[[ Source data open ]]

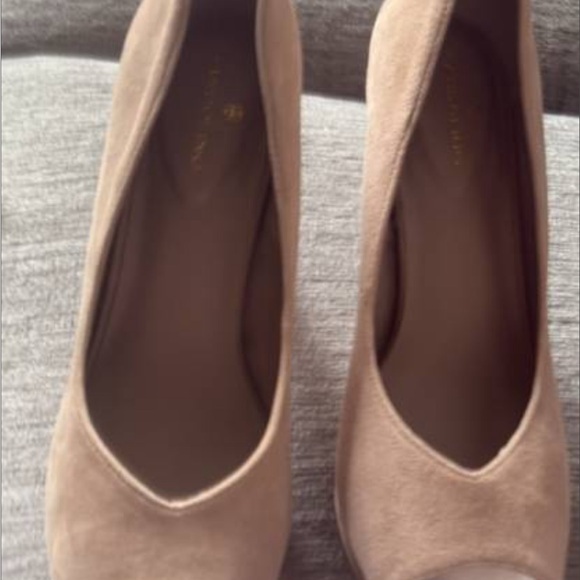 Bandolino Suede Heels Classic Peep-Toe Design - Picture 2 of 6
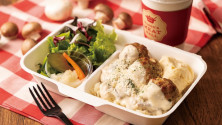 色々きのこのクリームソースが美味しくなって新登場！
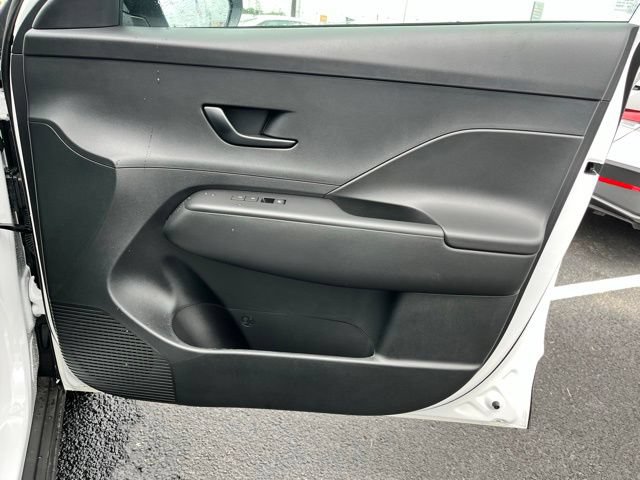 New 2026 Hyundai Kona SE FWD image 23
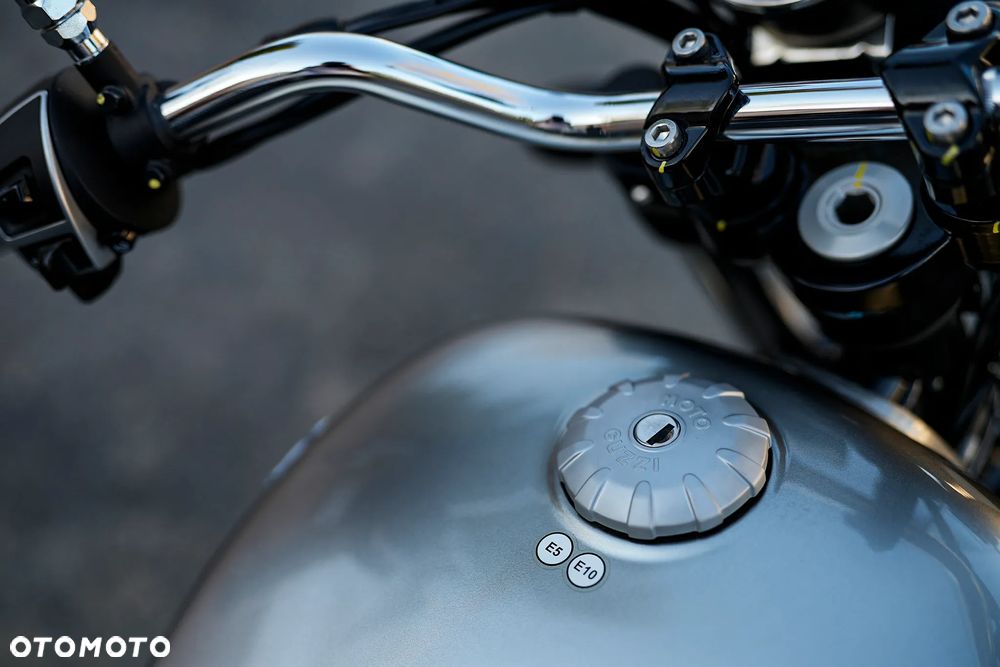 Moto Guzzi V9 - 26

[[ Source data closed ]]
[[ Source data open ]]

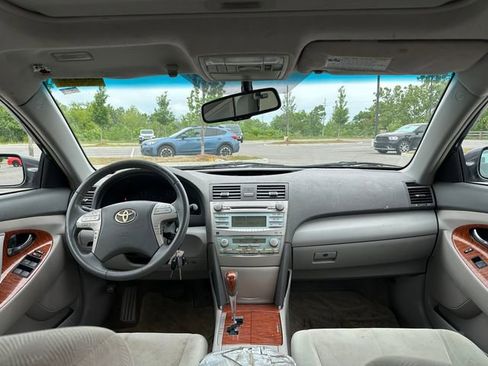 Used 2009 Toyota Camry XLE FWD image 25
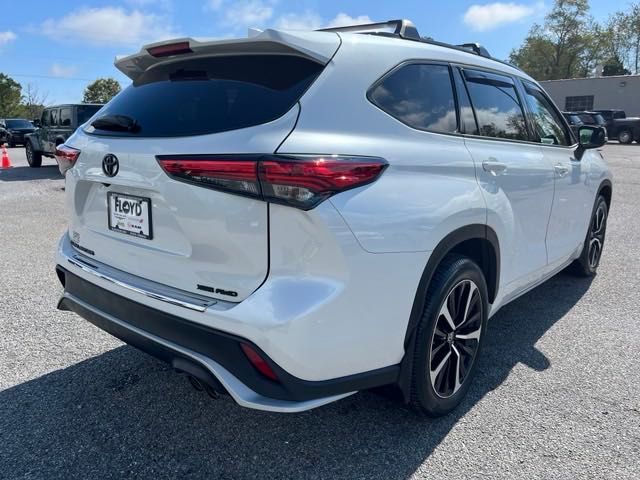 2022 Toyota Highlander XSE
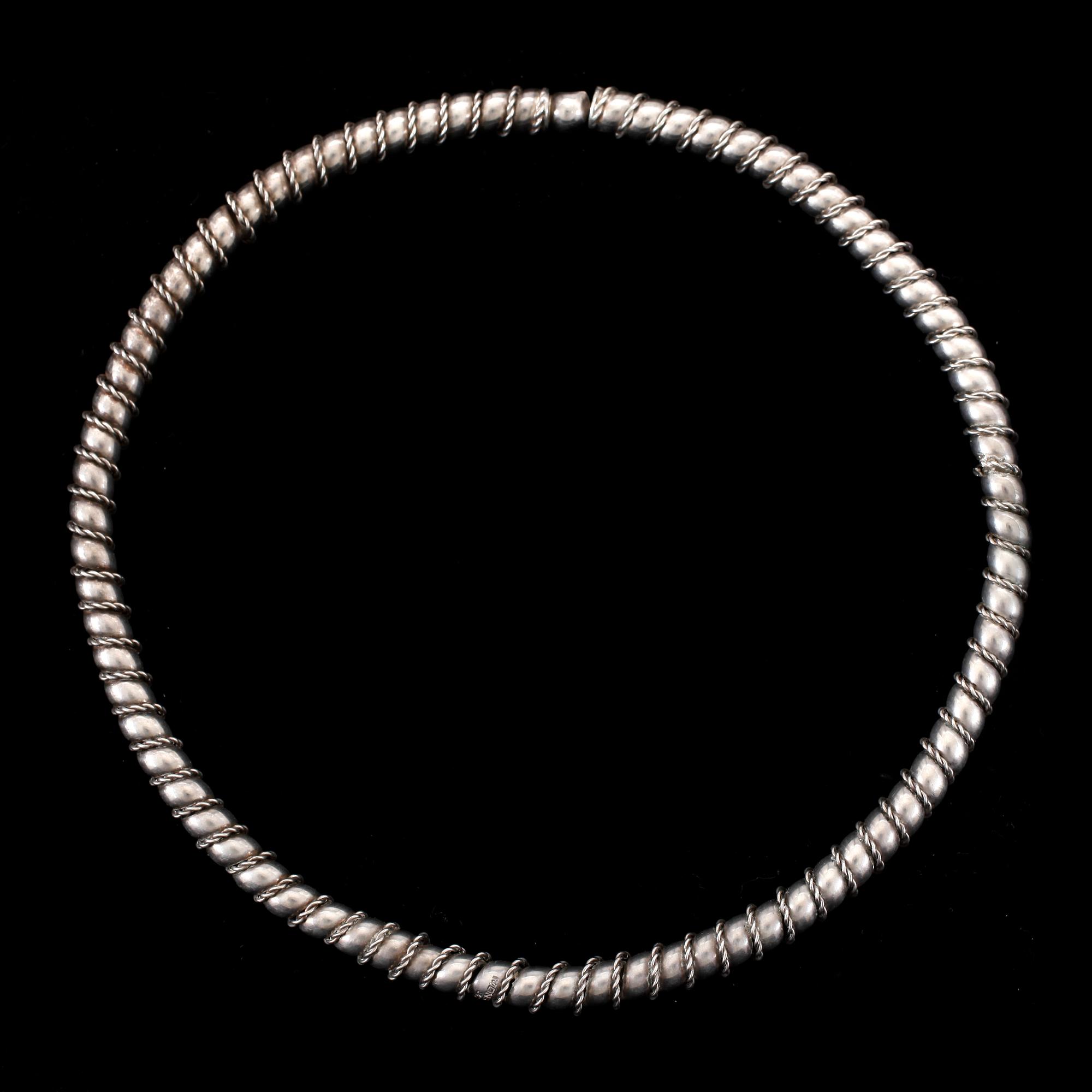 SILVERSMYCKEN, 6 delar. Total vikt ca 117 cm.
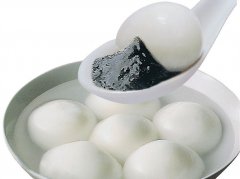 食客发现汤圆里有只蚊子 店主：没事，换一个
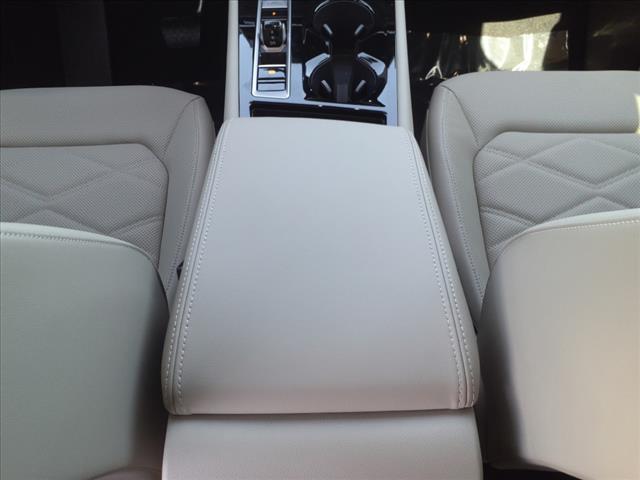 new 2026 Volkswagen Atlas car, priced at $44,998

[[ Source data closed ]]
[[ Source data open ]]

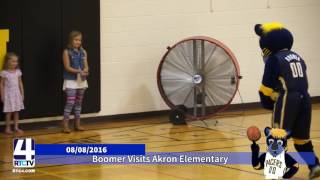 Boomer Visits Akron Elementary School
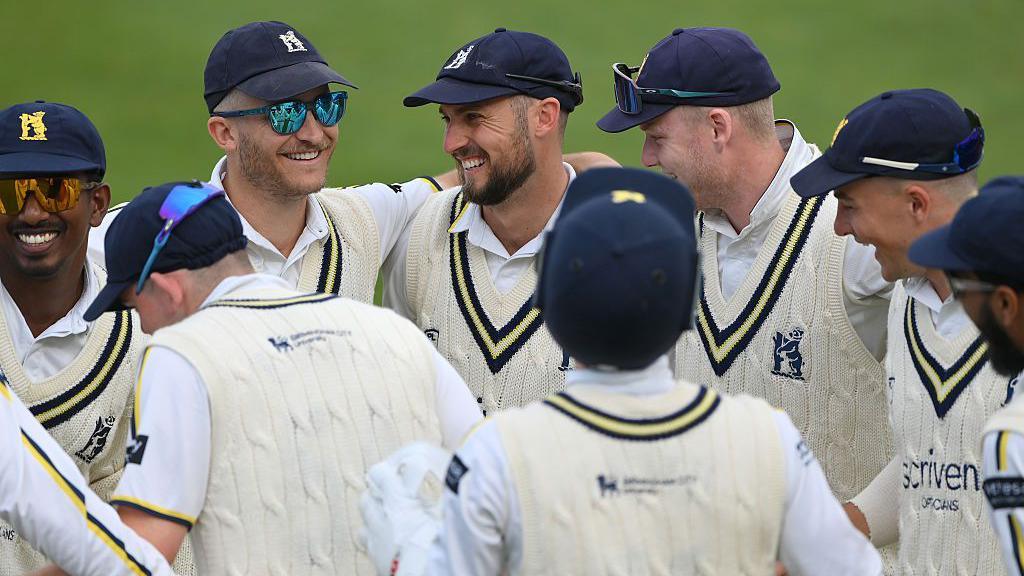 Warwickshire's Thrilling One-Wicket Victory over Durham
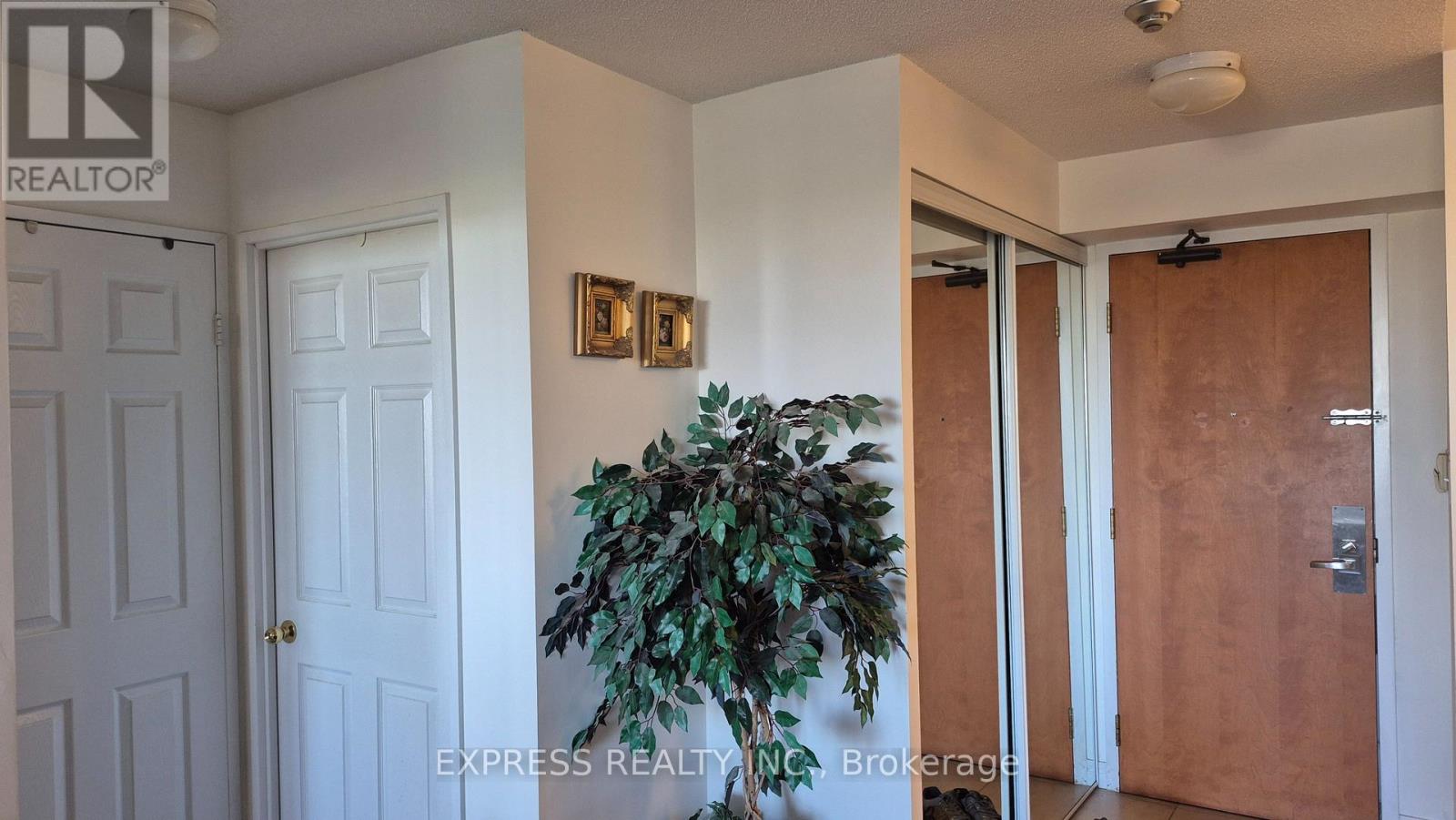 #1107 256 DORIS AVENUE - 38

[[ Source data closed ]]

In the entries above, every line from the line with "Bandolino Suede Heels" to the line with "Moto Guzzi V9 - 26" is to be printed exactly, with both ends included and pictures excluded.

 Bandolino Suede Heels Classic Peep-Toe Design - Picture 2 of 6
 色々きのこのクリームソースが美味しくなって新登場！
 New 2026 Hyundai Kona SE FWD image 23
 Moto Guzzi V9 - 26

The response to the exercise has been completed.